Autrement dit, l’adhésion au marché international du GNL va permettre à l’ONEE d’importer du gaz à moindre prix pour faire redémarrer les CGCC (Centrales à gaz à cycle combiné) d’Aïn Béni-Mathar et de Tahaddart, à l’arrêt depuis le 31 octobre dernier. Pour rappel, ces deux centrales produisent 850 MW, ce qui représente 10% de la capacité installée au niveau national pour la production d’électricité.

Leïla Benali mise également sur cette adhésion pour satisfaire «l’énorme appétit» que les industriels ont pour le GNL. Pour se faire, la ministre prévoit d’aménager non pas deux ports méthaniers, mais plutôt quatre ports, qui seront tous dotés de centrales de regazéification. Ils abriteront soit des centrales flottantes, soit des centrales terrestres.

Il s‘agit des ports de Nador et de Mohammédia, qui sont déjà partiellement équipés, mais aussi ceux de Tanger et Dakhla où tout reste à faire. Benali veut profiter de ces futures infrastructures portuaires pour développer de l’hydrogène compétitif. Son idée est de développer 30% d’hydrogène dans ces centrales à gaz.

Un baptême du feu plutôt réussi !

Même si plusieurs zones d’ombre subsistent dans plusieurs dossiers, comme par exemple la Samir, l’autoproduction électrique, l’ouverture de la 13-09 à la moyenne tension, etc., la première rencontre de la ministre de la Transition énergétique et du développement durable avec la presse nationale a été globalement un succès.

En effet, comme ses prédécesseurs, Leïla Benali s’est prêtée au jeu des questions/réponses avec les journalistes, notamment pour éclairer l’opinion publique sur les tensions inflationnistes actuelles dans le secteur de l’énergie. Elle est, à ce propos, revenue sur ses déclarations faites devant les parlementaires deux jours auparavant (mercredi 13 avril), pour rappeler que la consommation nationale de produits pétroliers (80% en gasoil et gaz butane) a atteint environ 11,2 millions de tonnes en 2021 et que la capacité globale de stockage est actuellement de 1,6 million de tonnes, soit 52 jours de la consommation nationale.

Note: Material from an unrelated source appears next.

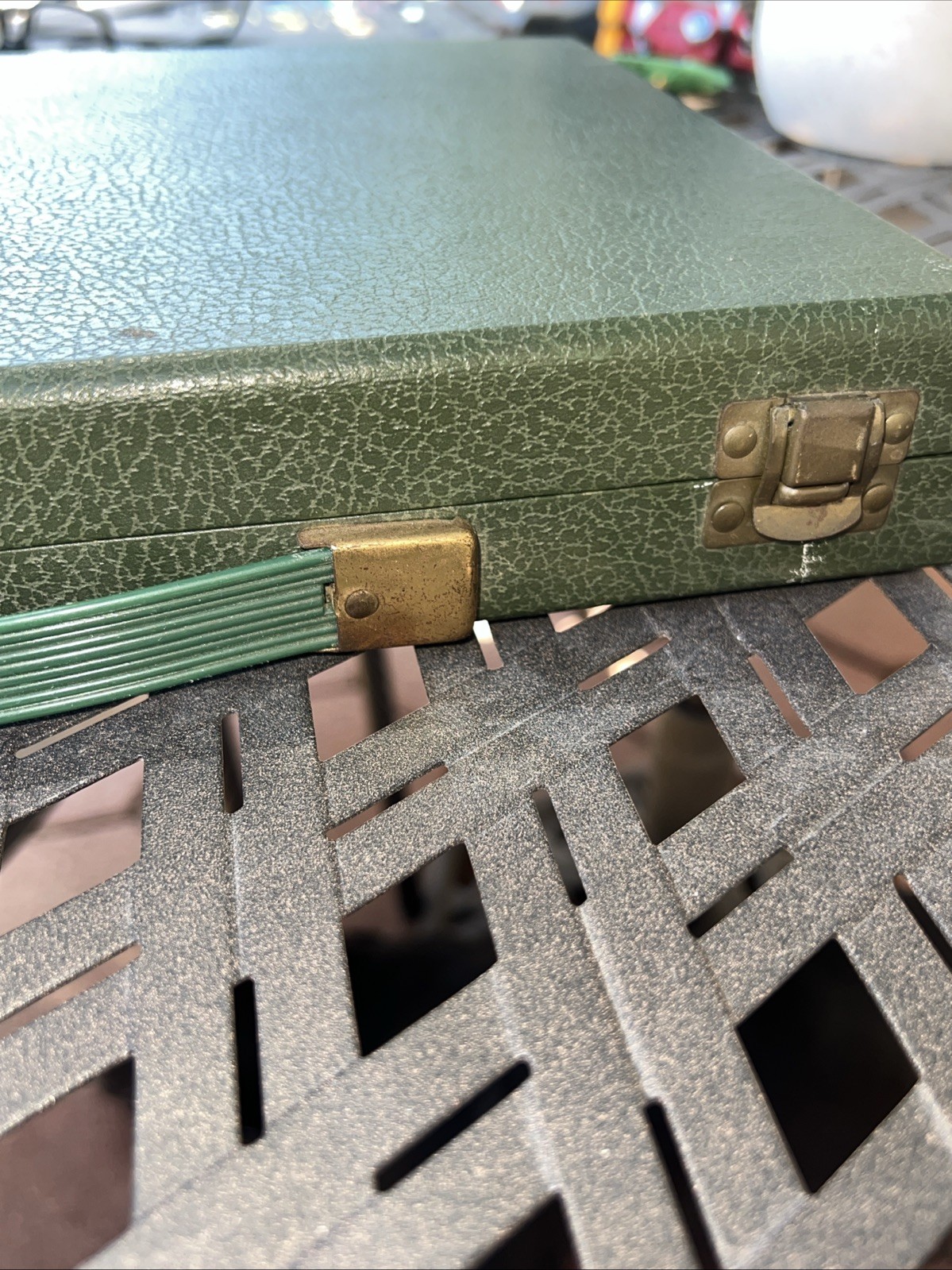 Vintage All-Mart Backgammon Set Bakelite/Catalin Green Swirl – Case Cork Board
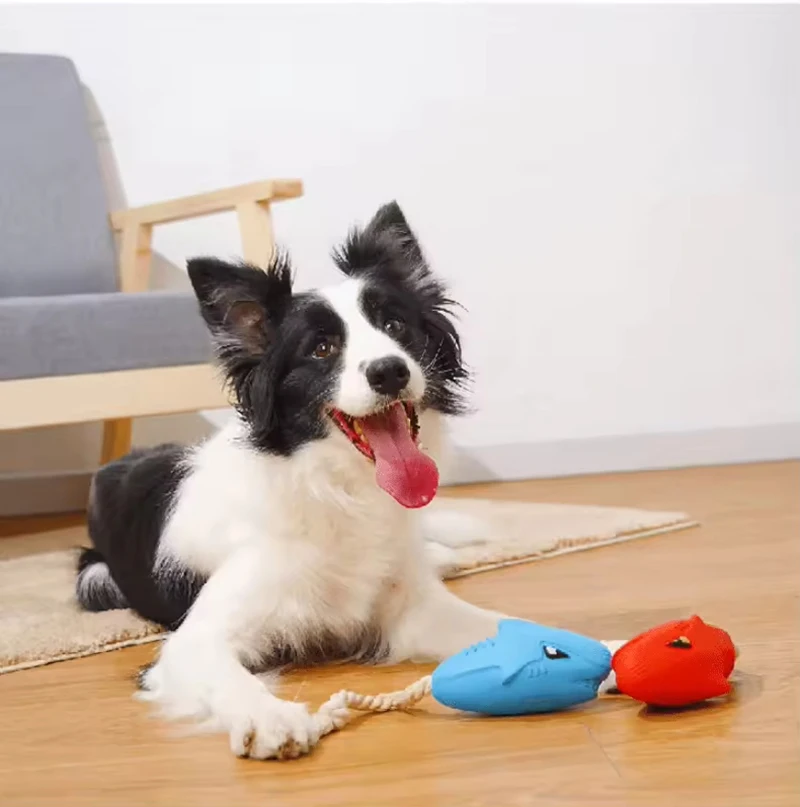 Hot Selling Squeaky Shark Rubber Pet Chew Dog Toys Indestructible Molar Bite Resistant Pew Chew Squeaky Toys with Rope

Pour rehausser le niveau du stock de sécurité, à 60 jours comme le stipule la loi, une capacité supplémentaire de 890.000 m3 est nécessaire, ce qui requiert un investissement de 3 milliards de DH qui préservera le marché jusqu’en 2023. Pour juguler les effets de l’inflation sur le pouvoir d’achat des citoyens, la ministre a déclaré que le gouvernement continue de subventionner le gaz butane, c’est dans ce sens qu’il a augmenté les crédits alloués à la Caisse de compensation de 27,6% par rapport à l’année dernière.

Dans le même temps, le prix de l’électricité est resté inchangé, malgré les fortes hausses des prix du fioul et du charbon. Bref, il est prévu que la facture énergétique grimpe de 25 milliards de DH par rapport à 2021. Sur la décarbonation de l’industrie, elle a indiqué que le ministère a signé une convention avec la zone industrielle de Kénitra où des panneaux photovoltaïques, d’une capacité de 50 MW, seront installés incessamment, et que l’exemple sera suivi par les autres zones industrielles du pays.